Hot or Not?

Late-night talk-show interviews are the bane of my existence.

They’re shiny puff pieces, teeing up scripted, softball questions that the stars rehearse to knock out of the park, perpetuating and thus reinforcing the desired image of their meticulously-constructed personas. It’s just as much of a performance as what they’re inevitably promoting.

But what happens when they can’t control their performance, when they lose power and agency over not only the proceedings, but even themselves as well? These are just some of the questions forcibly posed by Hot Ones, a YouTube internet series, courtesy of First We Feast, that’s a culinary and artistic concoction mixing satire, parody, pain, and hilarity, all together deconstructing the arbitrary superficiality of the celebrity-pandering form.

Its very concept seems to be a self-aware variation on the sort of gimmick that Jimmy Fallon-esque brands are constantly told they need to go viral. At first, the set-up looks familiar: Sean Evans, the host, sits across from a celebrity each week, asking them 10 questions. The catch: between each one, both parties eat a hot wing. The real catch: every wing is doused in a different hot sauce, one progressively hotter than the last. What begins as a pleasant accompaniment to the slog of PR blitzes becomes a palate-scorching experience. No matter the spice preferences of the rich and famous, the higher registers of pain induce no pleasure. These birds aren’t flavorful; they’re fucking fatal.

Such blazing food has a tendency to act as a sort of psychedelic for the consumers; the effect is a crossfade of sorts. So in addition to the unavoidable schadenfreude of watching the high and mighty squirm, the 20-minute episodes can be interpreted as a psychological experiment regarding how the subject responds when he or she is thrown so far outside their reliable comfort zone. They’re usually in charge of such press appearances, dictating every moment to make themselves look exactly how they want.

Hot Ones forbids anyone to rest on their seasoned laurels, quite literally burning through their trained facades. The initial wings are walks in the park, allowing the audience to see their normal approach to such questions. But the gradual descent into the flames of reality sear through these artificial masks to reveal some of the real personality underneath (isn’t that why people watch interviews in the first place, to learn more about the facts behind their artistic fiction?).
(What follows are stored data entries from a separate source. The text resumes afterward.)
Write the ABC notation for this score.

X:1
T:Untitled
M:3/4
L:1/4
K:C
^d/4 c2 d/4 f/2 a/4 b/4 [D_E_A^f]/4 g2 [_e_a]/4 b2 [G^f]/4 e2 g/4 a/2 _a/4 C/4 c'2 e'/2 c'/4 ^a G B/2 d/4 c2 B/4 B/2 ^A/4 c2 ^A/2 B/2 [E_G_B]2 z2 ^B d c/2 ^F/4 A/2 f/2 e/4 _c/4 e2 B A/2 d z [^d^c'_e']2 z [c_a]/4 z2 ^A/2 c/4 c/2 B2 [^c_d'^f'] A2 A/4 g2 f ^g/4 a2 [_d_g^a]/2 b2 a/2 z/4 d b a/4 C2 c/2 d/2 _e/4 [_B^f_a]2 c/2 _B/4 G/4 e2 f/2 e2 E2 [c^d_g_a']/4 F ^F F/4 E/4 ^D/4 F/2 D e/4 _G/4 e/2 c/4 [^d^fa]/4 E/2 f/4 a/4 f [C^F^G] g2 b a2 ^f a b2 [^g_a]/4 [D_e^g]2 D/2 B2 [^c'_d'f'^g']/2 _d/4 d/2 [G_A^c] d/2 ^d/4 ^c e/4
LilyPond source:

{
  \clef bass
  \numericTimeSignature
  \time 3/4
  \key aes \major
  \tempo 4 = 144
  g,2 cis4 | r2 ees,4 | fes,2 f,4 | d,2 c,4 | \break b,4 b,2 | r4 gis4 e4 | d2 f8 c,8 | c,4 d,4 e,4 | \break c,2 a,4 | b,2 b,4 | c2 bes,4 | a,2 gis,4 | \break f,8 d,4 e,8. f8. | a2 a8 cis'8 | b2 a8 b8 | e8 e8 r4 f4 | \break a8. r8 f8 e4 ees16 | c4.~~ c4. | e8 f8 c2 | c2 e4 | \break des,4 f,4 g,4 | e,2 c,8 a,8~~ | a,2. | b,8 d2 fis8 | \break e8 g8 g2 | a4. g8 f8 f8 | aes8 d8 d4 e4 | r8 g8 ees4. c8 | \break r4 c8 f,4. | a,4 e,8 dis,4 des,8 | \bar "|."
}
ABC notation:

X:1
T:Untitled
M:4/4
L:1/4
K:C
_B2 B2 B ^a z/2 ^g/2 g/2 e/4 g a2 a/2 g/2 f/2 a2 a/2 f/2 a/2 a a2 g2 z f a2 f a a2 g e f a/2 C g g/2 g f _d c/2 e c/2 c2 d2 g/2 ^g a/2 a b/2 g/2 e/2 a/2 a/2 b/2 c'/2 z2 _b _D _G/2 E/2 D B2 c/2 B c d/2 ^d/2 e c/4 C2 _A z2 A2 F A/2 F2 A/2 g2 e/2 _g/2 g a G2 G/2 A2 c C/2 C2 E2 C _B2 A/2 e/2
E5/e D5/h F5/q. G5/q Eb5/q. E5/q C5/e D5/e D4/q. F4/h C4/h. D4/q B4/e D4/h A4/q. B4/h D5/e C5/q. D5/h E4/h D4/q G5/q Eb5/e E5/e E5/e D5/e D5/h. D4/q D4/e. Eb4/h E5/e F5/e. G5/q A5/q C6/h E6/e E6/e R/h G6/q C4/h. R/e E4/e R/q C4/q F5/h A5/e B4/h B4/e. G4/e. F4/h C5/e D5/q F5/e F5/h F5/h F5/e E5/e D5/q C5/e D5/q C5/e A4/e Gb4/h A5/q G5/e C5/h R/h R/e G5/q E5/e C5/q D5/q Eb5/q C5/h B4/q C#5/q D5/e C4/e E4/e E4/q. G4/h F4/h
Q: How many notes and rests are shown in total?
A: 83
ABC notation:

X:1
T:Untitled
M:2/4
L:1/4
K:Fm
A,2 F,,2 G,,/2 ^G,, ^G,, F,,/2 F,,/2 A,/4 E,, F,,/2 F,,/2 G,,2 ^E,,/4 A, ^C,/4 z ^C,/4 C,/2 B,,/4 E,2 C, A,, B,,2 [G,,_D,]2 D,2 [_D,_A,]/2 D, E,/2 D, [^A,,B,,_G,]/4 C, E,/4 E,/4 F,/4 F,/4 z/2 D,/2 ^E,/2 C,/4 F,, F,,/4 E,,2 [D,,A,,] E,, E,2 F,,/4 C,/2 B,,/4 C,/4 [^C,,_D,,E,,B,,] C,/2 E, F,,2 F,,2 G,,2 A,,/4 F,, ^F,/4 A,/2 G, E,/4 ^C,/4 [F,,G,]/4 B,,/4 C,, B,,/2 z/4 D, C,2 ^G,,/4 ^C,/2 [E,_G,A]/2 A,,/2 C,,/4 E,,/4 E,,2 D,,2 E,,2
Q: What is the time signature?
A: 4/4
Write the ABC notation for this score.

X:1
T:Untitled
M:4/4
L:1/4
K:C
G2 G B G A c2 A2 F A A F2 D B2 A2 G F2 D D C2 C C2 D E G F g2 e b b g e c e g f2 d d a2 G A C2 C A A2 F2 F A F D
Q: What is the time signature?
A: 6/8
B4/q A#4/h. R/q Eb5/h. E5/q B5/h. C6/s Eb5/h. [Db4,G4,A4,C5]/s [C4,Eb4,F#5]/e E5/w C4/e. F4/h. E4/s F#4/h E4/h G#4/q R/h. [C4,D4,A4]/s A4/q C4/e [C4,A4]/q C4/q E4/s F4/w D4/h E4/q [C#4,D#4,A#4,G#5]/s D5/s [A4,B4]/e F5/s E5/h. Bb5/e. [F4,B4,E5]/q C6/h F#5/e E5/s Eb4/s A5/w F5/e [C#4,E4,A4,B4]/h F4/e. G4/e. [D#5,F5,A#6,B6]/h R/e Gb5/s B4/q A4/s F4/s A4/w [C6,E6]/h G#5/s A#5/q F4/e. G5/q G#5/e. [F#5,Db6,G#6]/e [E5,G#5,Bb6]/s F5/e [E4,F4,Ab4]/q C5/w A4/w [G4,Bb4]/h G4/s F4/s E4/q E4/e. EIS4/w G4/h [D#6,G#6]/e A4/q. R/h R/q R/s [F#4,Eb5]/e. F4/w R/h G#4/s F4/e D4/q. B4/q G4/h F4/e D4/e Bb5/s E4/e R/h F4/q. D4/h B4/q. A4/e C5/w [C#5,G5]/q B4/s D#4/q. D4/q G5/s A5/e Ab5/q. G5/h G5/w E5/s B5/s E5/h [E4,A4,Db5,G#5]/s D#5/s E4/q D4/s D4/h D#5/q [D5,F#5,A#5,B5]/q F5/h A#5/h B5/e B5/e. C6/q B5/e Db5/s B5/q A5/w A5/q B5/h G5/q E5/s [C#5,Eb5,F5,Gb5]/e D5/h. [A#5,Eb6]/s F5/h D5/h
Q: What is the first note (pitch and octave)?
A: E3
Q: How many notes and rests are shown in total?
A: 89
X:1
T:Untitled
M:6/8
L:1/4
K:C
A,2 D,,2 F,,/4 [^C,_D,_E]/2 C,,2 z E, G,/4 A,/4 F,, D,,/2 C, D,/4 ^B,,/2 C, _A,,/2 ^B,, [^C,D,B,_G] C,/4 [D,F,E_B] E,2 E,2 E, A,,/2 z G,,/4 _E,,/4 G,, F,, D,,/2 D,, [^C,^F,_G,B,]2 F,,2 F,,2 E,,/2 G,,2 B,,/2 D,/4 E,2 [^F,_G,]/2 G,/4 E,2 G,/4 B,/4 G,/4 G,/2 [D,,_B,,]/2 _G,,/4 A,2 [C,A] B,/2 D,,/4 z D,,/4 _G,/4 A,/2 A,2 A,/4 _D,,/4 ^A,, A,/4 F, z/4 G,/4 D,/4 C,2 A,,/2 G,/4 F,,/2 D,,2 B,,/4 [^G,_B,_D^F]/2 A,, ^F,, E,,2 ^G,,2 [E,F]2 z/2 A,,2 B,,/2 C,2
Ensuring they can’t just regurgitate the same mindless answers, Evans and his crackpot team of deep researchers craft truly compelling queries, requiring introspection and insights on the part of the sufferer, probing much farther than the usual shallowness they’ve come to expect, and perhaps even prefer.

The ingeniously depraved creators also tap into — some could say manipulate, and even exploit, all in the name of good fun, of course — the competitiveness that’s a consistent trait of those who’ve survived the treacherous ascent up the social ladder (particularly the athletes, for obvious reasons). Evans eats every wing with his guests, yet he has the composure of a statue. How does the talent respond when they’re not the most calm and collected person in the frame, their natural habitat?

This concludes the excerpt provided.